▶ _Problem statement_
Leave out every picture and set down, exactly, the lines below from the one holding "Bán kho, nhà" up to and including the one holding "Pomeranian dogs for".

▶ _Extracted data_
§ §

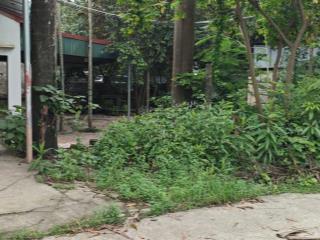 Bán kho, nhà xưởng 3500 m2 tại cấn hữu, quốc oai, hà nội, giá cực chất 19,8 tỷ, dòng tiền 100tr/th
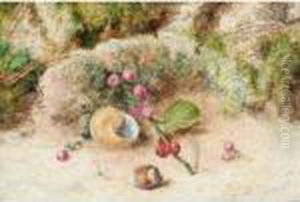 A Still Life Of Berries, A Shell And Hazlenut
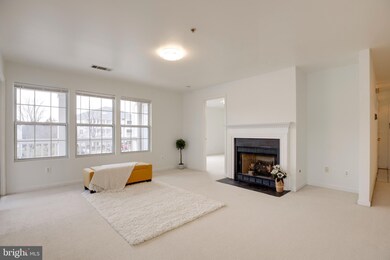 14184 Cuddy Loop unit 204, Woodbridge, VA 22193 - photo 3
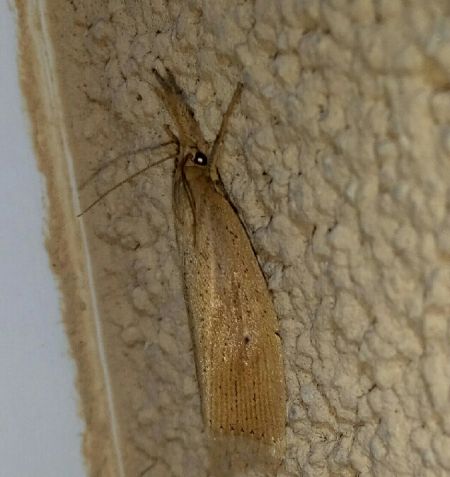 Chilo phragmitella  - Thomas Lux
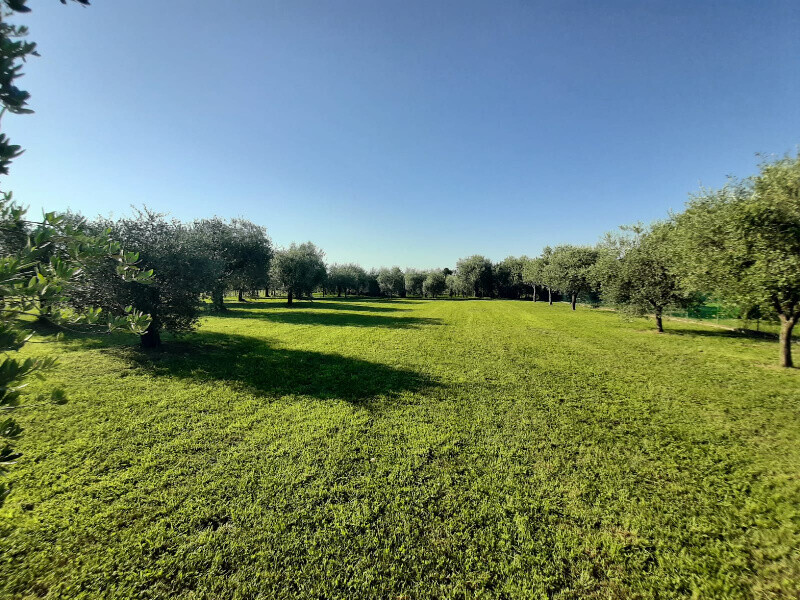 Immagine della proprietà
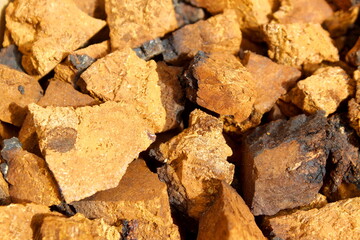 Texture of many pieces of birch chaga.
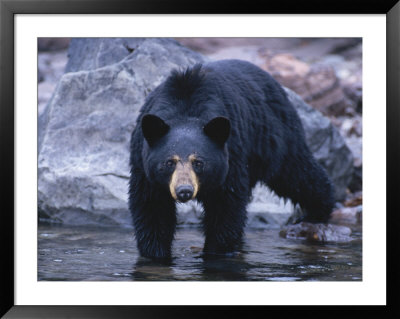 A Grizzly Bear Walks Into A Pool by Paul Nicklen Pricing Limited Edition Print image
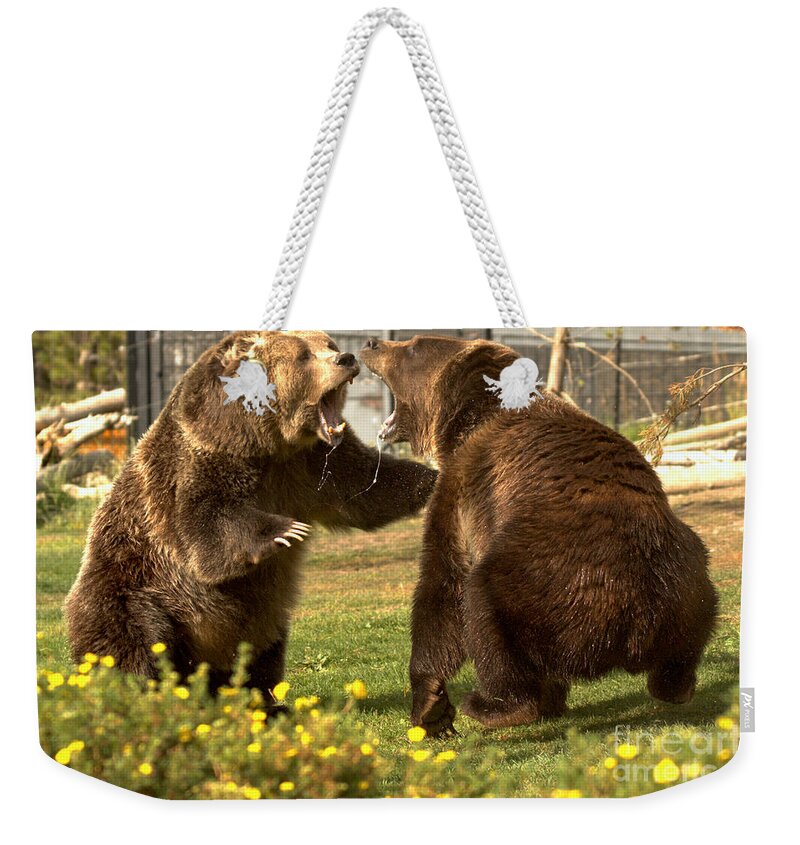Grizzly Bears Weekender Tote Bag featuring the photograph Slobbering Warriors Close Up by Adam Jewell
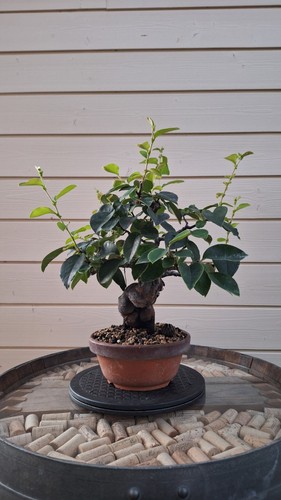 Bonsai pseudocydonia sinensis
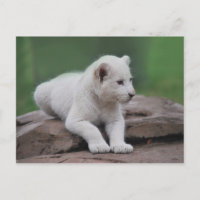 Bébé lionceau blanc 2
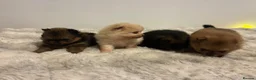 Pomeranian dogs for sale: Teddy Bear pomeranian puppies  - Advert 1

§ §

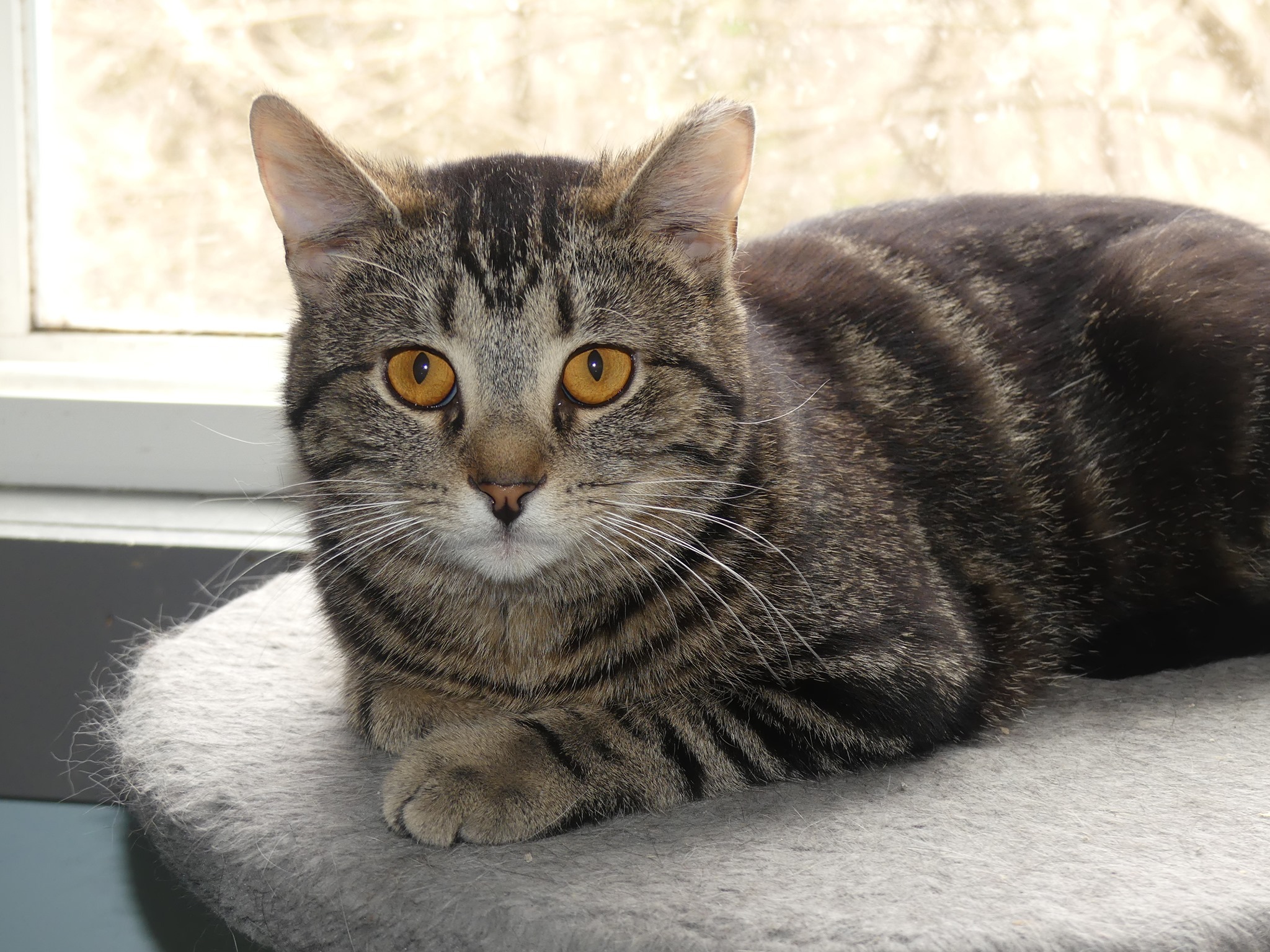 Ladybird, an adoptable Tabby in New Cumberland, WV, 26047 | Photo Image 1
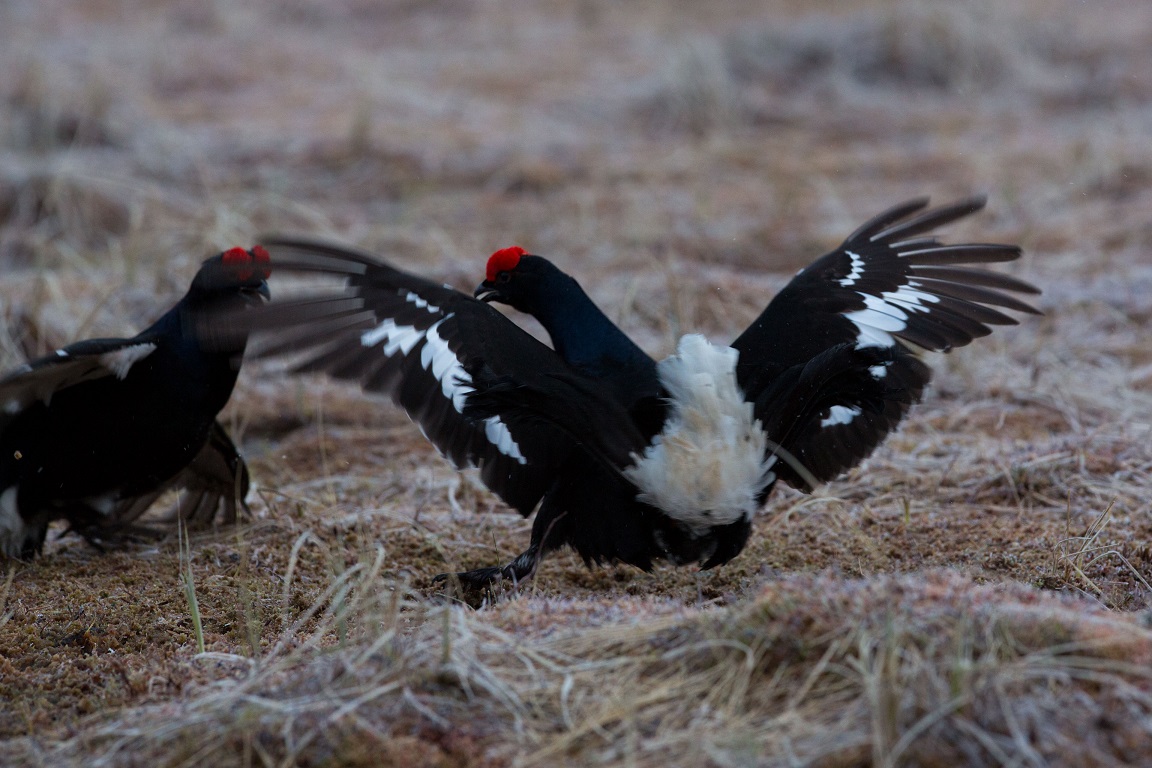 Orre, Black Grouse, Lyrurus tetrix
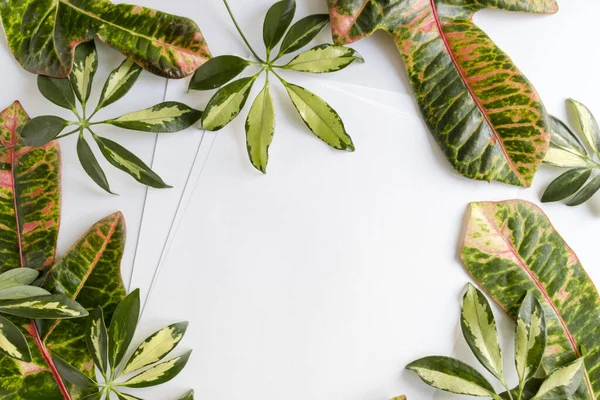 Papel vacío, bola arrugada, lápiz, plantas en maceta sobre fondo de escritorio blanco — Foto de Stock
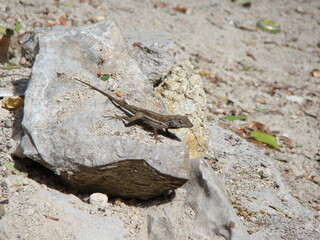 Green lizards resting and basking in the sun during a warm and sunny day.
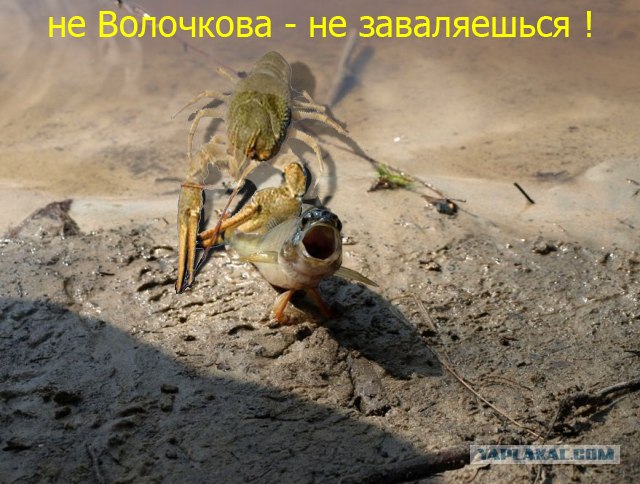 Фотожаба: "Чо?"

§ §

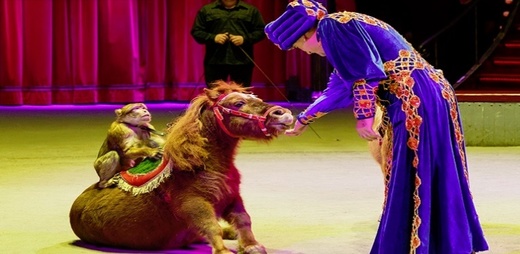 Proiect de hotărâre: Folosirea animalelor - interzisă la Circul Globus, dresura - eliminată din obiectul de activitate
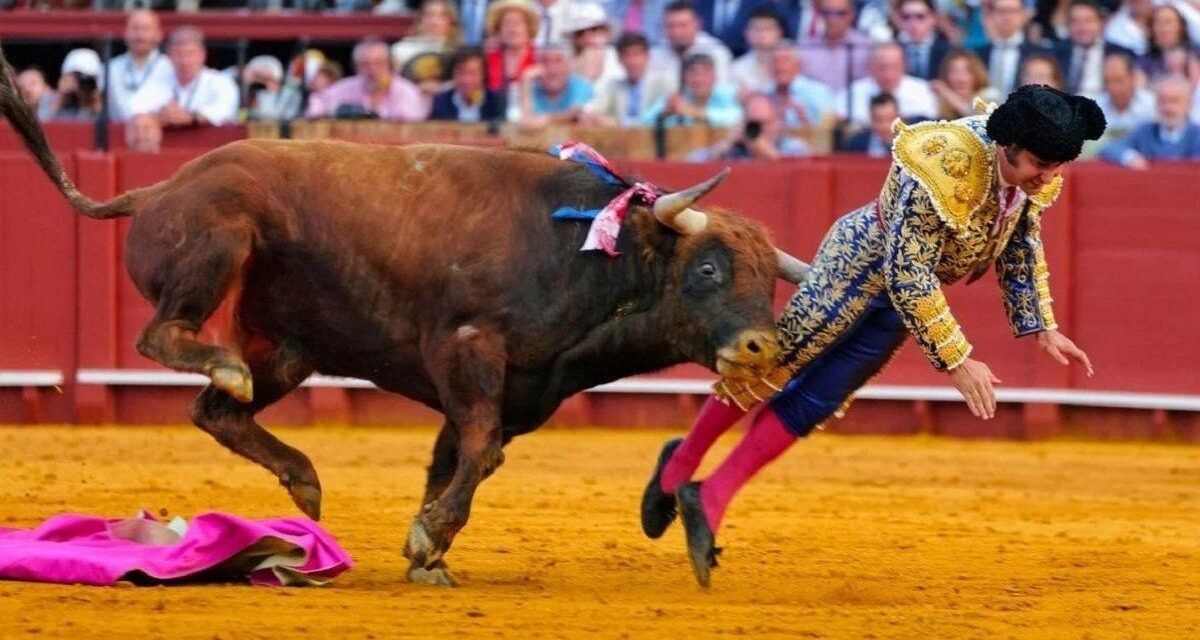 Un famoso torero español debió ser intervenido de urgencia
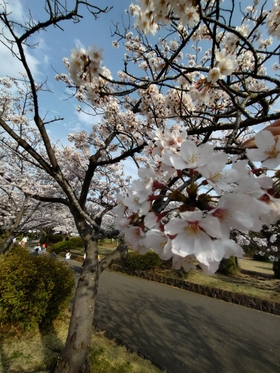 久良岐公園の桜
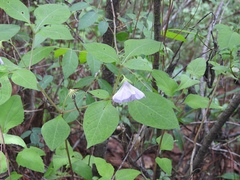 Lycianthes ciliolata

§ §

▶ _Written response_
 Bán kho, nhà xưởng 3500 m2 tại cấn hữu, quốc oai, hà nội, giá cực chất 19,8 tỷ, dòng tiền 100tr/th
 A Still Life Of Berries, A Shell And Hazlenut
 14184 Cuddy Loop unit 204, Woodbridge, VA 22193 - photo 3
 Chilo phragmitella  - Thomas Lux
 Immagine della proprietà
 Texture of many pieces of birch chaga.
 A Grizzly Bear Walks Into A Pool by Paul Nicklen Pricing Limited Edition Print image
Grizzly Bears Weekender Tote Bag featuring the photograph Slobbering Warriors Close Up by Adam Jewell
 Bonsai pseudocydonia sinensis
 Bébé lionceau blanc 2
 Pomeranian dogs for sale: Teddy Bear pomeranian puppies  - Advert 1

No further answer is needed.